Lei ha detto che nel senso comune c’è solo una versione semplicistica, e in fondo agiografica, del Risorgimento. A me colpisce quanto poco il cinema (che sa entrare nell’immaginario collettivo di un popolo) si sia occupato di Risorgimento. Non c’è paragone, mi pare, con l’epopea resistenziale. Ci sono i film di Visconti, c’è un film di Rossellini, i Taviani di Allonsanfàn, Florestano Vancini, i film in costume di Luigi Magni e naturalmente anche qualcos’altro. Ma non mi pare ci sia la costruzione di una vera e corale narrazione risorgimentale.

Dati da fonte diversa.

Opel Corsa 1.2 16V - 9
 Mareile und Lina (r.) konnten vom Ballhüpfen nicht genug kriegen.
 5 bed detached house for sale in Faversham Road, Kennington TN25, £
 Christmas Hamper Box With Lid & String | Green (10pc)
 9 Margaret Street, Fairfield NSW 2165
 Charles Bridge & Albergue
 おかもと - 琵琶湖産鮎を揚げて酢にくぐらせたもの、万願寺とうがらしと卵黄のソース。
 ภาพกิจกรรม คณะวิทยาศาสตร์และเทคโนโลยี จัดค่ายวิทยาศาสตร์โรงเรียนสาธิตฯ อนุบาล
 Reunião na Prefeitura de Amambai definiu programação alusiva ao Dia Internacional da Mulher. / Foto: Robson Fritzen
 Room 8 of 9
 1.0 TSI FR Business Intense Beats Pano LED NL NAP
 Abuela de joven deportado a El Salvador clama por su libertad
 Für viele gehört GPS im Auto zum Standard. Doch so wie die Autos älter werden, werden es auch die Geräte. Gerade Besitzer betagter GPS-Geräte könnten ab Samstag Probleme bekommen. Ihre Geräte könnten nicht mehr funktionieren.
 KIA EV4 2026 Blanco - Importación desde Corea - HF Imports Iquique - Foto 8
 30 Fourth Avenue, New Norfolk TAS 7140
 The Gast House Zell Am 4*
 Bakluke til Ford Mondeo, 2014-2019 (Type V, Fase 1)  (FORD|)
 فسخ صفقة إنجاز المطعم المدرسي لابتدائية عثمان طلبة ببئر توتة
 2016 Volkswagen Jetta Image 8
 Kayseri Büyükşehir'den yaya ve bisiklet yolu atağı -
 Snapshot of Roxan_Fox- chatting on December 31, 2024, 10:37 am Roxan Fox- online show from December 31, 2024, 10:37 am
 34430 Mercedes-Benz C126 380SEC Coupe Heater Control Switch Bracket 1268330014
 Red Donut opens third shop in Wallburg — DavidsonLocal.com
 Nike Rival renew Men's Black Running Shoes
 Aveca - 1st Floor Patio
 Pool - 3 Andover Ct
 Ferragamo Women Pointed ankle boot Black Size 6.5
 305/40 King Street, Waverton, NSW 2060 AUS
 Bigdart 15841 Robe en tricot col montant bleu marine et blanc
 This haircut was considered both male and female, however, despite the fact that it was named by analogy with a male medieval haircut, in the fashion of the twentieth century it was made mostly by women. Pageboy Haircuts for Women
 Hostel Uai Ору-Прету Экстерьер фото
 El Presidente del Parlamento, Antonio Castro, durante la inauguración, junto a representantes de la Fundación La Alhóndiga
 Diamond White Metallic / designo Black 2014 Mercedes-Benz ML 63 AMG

«Che i film non siano stati tanti dimostra quel che dicevo, la difficoltà di rapporto del nostro Paese con la sua storia e con l’unità d’Italia. L’Ottocento risorgimentale avrebbe potuto dar luogo a una vera e propria mitologia: come gli americani sono riusciti a fare con il West, trasformando in un mito (mito universale, che vale anche per noi) la nascita di una nazione. Ma un mito va affrontato prendendolo di petto. Cosa che noi non abbiamo fatto. Abbiamo invece costruito il nostro Pantheon posticcio. E alla costruzione ha ovviamente dato un contributo decisivo il Ventennio fascista. Ma più in generale io continuo a domandarmi se non rimanga vero che la complessità dei fatti risorgimentali rimanga fuori dalla coscienza collettiva. Come se certe cose non si potessero dire. Come se certi conflitti non si potessero esplicitare. Ed è un problema del nostro Paese, per cui o i conflitti si affrontano con le armi in mano oppure li si rimuove e non li si riesce fare terreno di una dialettica vera, reale.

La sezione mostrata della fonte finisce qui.